1973 may well have been a rich year for Cumberbatch, as he also picked out Paper Moon, released in the same year. “Paper Moon just blew me away,” the actor confirmed. “The composition of shots, the music, the performances—the naturalism and just how charming and quick and fast and funny and believable that relationship is between Tatum and Ryan [O’Neal]. And giving equal tradeoffs between this small orphan girl and this vagabond, Bible-selling trickster, it’s just magic to watch those two on screen together.”
One film on Cumberbatch’s list that few will take umbrage with is the simply iconic There Will be Blood from Paul Thomas Anderson, starring Daniel Day-Lewis in one of his defining roles. The Dr Strange actor was full of praise for the project and those involved: “Paul Thomas Anderson is one of the all-time greats for me. What he’s managed to tackle thematically in terms of these grandiose themes of capitalism, of love, of the California experience is, both now and before, is extraordinary. With this film, in particular, it’s the isolation of a man, what it is to be a pioneer in that landscape, the risks involved and the great riches that it brought people who dared. And how that wealth corrupts—the great tragedy is whilst he has everything at the end, he’s incapable of love and being loved.”

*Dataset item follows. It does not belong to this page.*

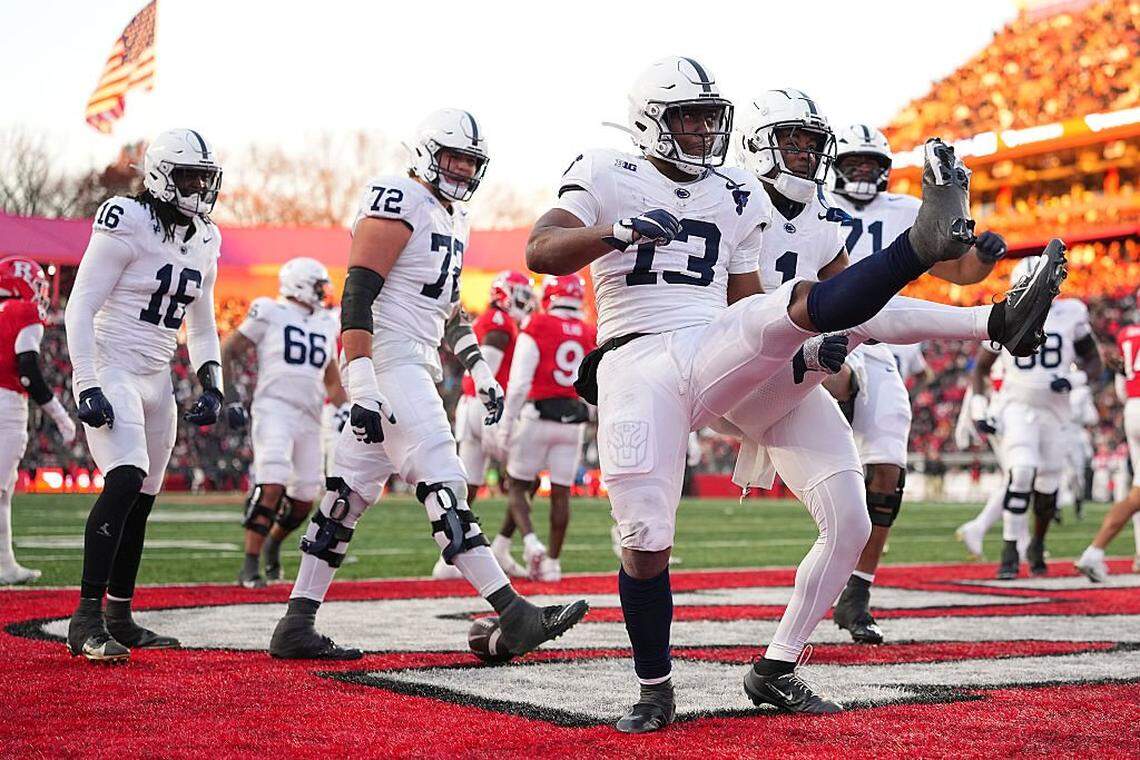 Penn State running back Kaytron Allen (13) reacts after running for a touchdown against the Rutgers Scarlet Knights in the first half at SHI Stadium on Nov. 29, 2025, in Piscataway, New Jersey. Penn State defeated Rutgers 40-36.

The final pick from Cumberbatch is another legendary title, Taxi Driver, starring Robert De Niro and directed by Martin Scorsese. For Cumberbatch, the film is a classic piece of cinema: “It’s Scorsese and De Niro and Paul Schrader and Jodie Foster and Cybill Shepherd. And the slo-mo shots of the yellow taxi with that voiceover and steam coming up through the vents in the ground, it is quintessential New York. It transported me to that era. I mean, it is such an incredible feat of cinematography.”

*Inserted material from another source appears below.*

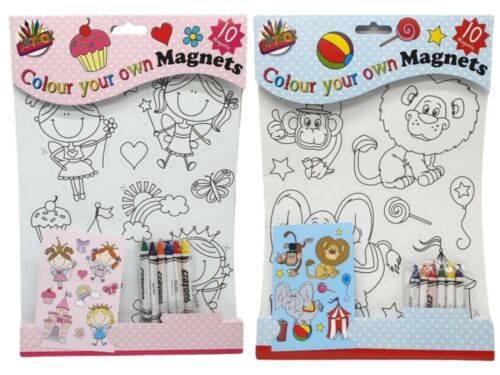 A4 Colouring Book Colour Your Own Magnets With 6 Crayons Pens Fun Activity Book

“But at the centre of it is this masterclass,” confirms the actor. “We can talk about Brando and Day-Lewis, but for me, De Niro in this film does something extraordinary. He grabs you by the throat and the heart.”
Benedict Cumberbatch’s favourite films:
- The Piano – Jane Campion
- The Shining – Stanley Kubrick
- Badlands – Terence Malick
- Paper Moon – Peter Bogdanovich
- There Will Be Blood – Paul Thomas Anderson
- Taxi Driver – Martin Scorsese
It’s a list of films positively brimming with heavyweight talent and cultural gravitas. These may not be the films that confirmed Cumberbatch as an icon. However, they certainly played a role in him getting to where he is today. Without these six films, Benedict Cumberbatch would not be living the same life he is today.